The DBT runtime introduces a function of kind dbt that allows you to execute sql dbt queries on your data.

DBT function parameters

When you create a function of kind dbt, you need to specify the following mandatory parameters:

  • project: the project name with which the function is associated. Only if you do not use the project context to create the function, e.g. project.new_function().
  • name: the name of the function
  • kind: the kind of the function, must be dbt
  • source: the sql query to execute. See section below

Optionally, you can specify the following parameters:

  • uuid: the uuid of the function (this is automatically generated if not provided). Must be a valid uuid v4.
  • description: the description of the function
  • labels: the labels of the function
  • git_source: the remote source of the function (git repository)
  • embedded: whether the function is embedded or not. If True, the function is embedded (all the details are expressed) in the project. If False, the function is not embedded in the project.

Source

The source parameter must be a dictionary containing reference to the sql query to be executed. The parameter is structured as a dictionary with the following keys:

  • source: the source URI to the code. It accepts the following values:
    1. git+https://repo-host/repo-owner/repo.git#indication-where-to-checkout: the code is fetched from a git repository. The link points to the root of the repository, the fragment is as simple indication of the branch, tag or commit to checkout. The runtime will clone the repository and checkout the indicated branch, tag or commit.
    2. zip+s3://path-to-some-code.zip: the code is fetched from a zip file in the minio digitalhub instance. The link points to the path to the zip file. The runtime will download the zip file and extract it. It fails if the zip file is not valid.
  • code: the python string code
  • base64: the base64 encoded code
  • lang: the language of the code use in the console higlihter

Example:

import digitalhub as dh

project = dh.get_or_create_project("my_project")

sql = """
SELECT * FROM {{ ref("my_table") }}
"""

dataitem = project.new_dataitem("my_dataitem", kind="table", path="path-to-some-data")

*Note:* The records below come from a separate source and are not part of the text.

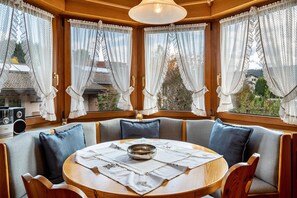 Ein gemütliches Zimmer mit einem runden Tisch, gepolsterten Sitzgelegenheiten, Spitzenvorhängen und Blick durch große Fenster.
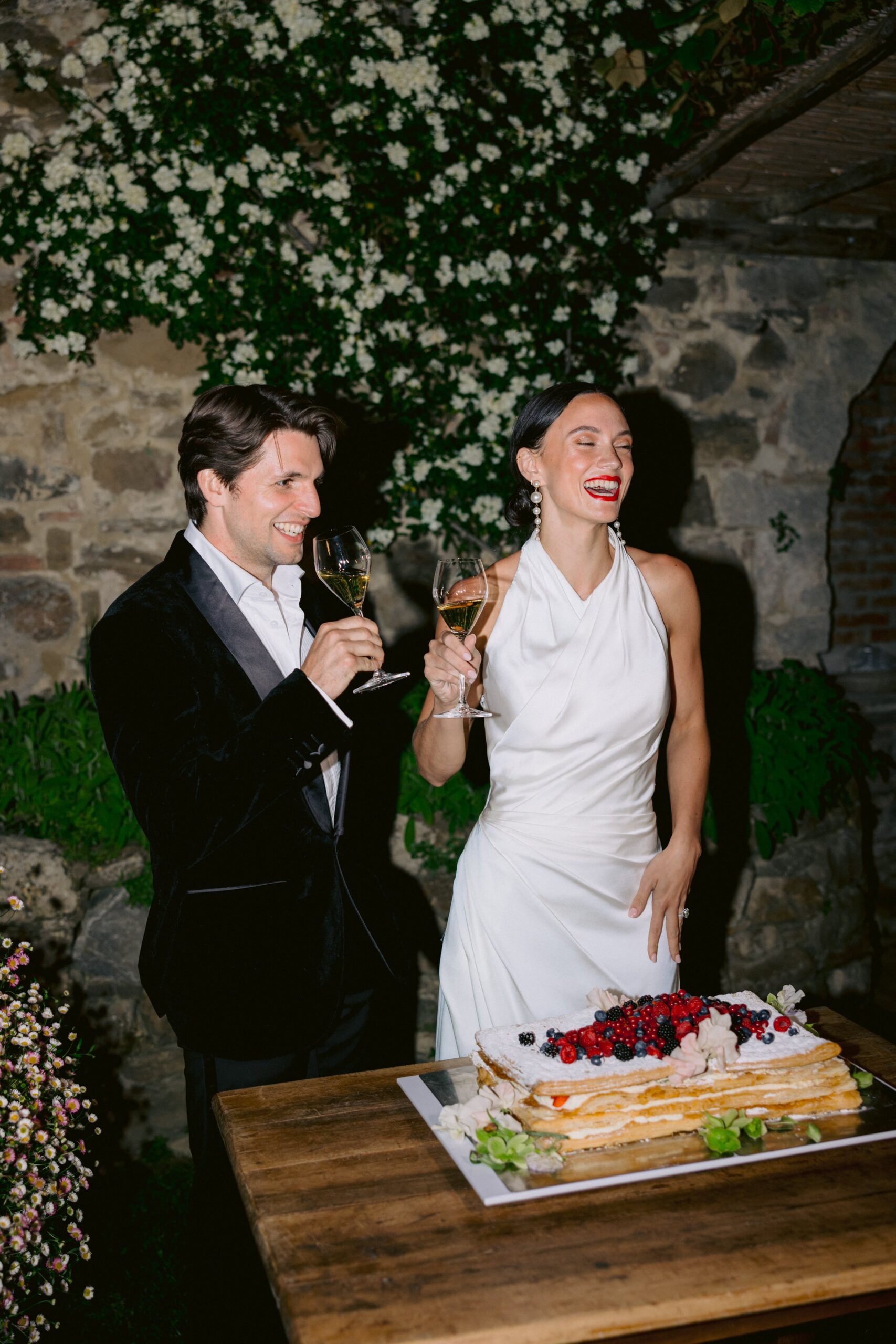 Bride and groom cutting cake in Italy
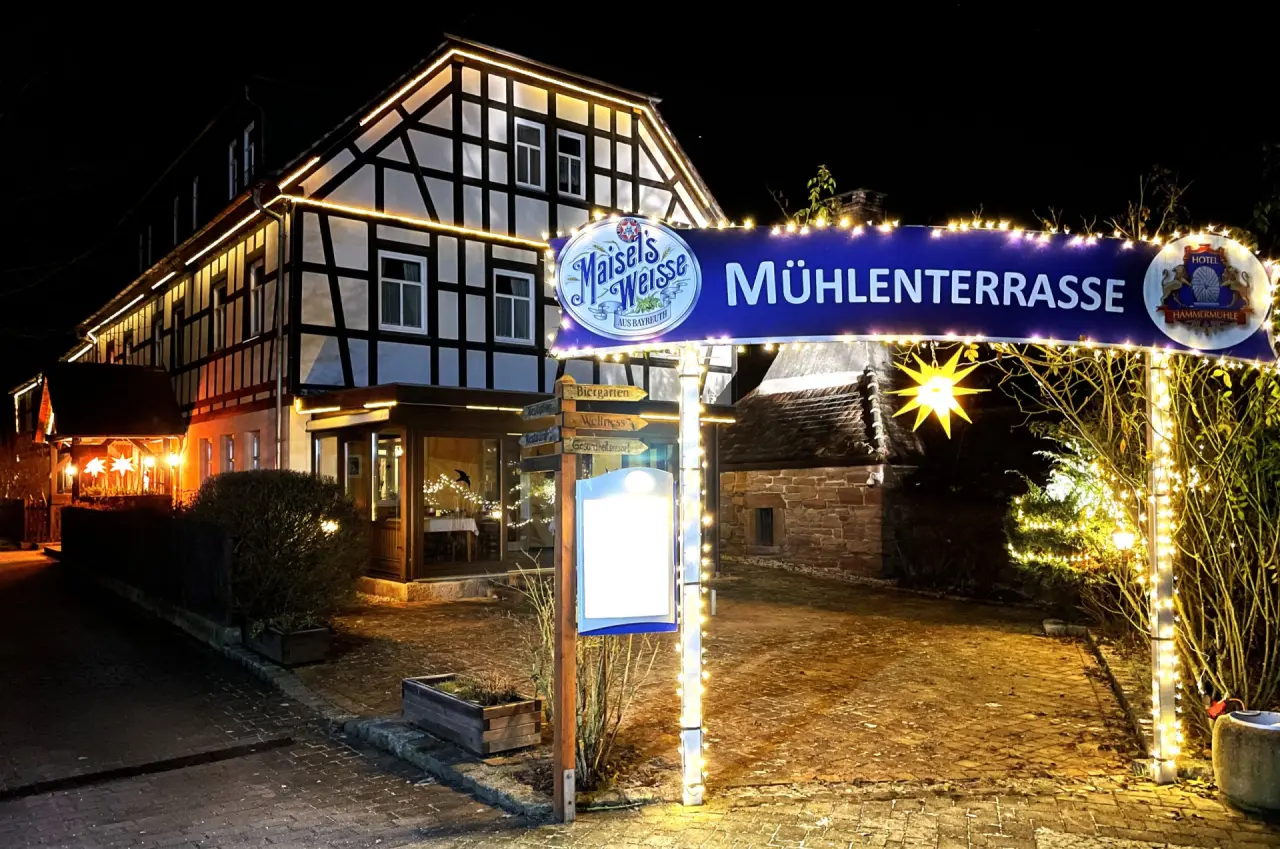 Festlich beleuchteter Eingangsbereich des Hotel Hammermühle bei Nacht mit Fachwerkhaus und Wegweisern.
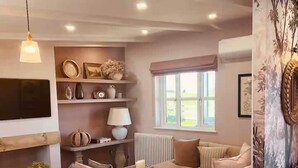 A cozy living room with a sofa, a coffee table, and a TV mounted on the wall. There is a window with a view of the outdoors, and a fireplace with a mantel. - The Fuller's Shed All Weather Couples Rural Retreat with Private Hot tub (Dadlington)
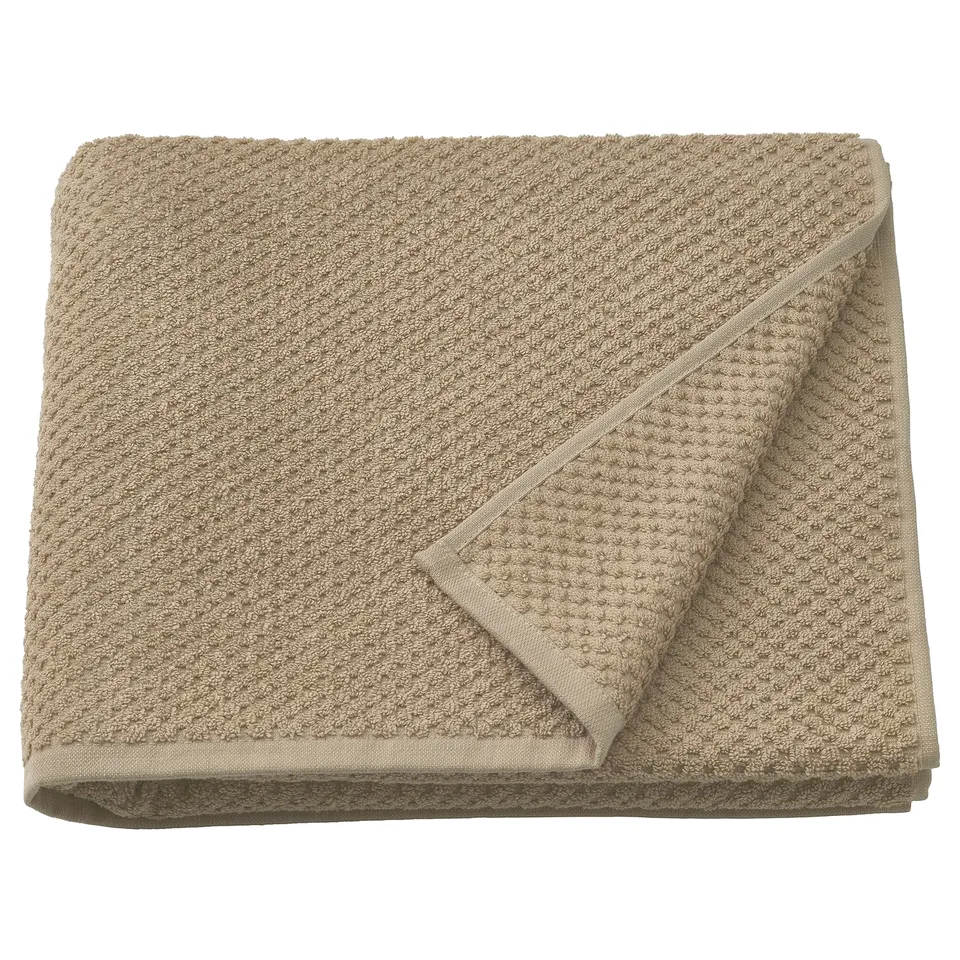 Folded beige GULVIAL cotton towel, textured, soft, 150gsm.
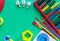 Wooden toys, shape sorter board on green background. Back to school. Close up. Top view, copy space. Education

function = dh.new_function(
    kind="dbt",
    name="my_function",
    source={"code": sql}
)

Task

The DBT runtime introduces a task of kind transform that allows you to run a DBT transformation on your data.

Transform task parameters

When you want to execute a task of kind transform, you need to pass the following mandatory parameters to the function method run():

  • action: the action to perform. This must be transform.
  • inputs: the dictionary of referenced tables in the sql query mapped to the dataitem keys.
  • outputs: a dictionary containing one element that map the key output_table with a name of the output query table and output dataitem.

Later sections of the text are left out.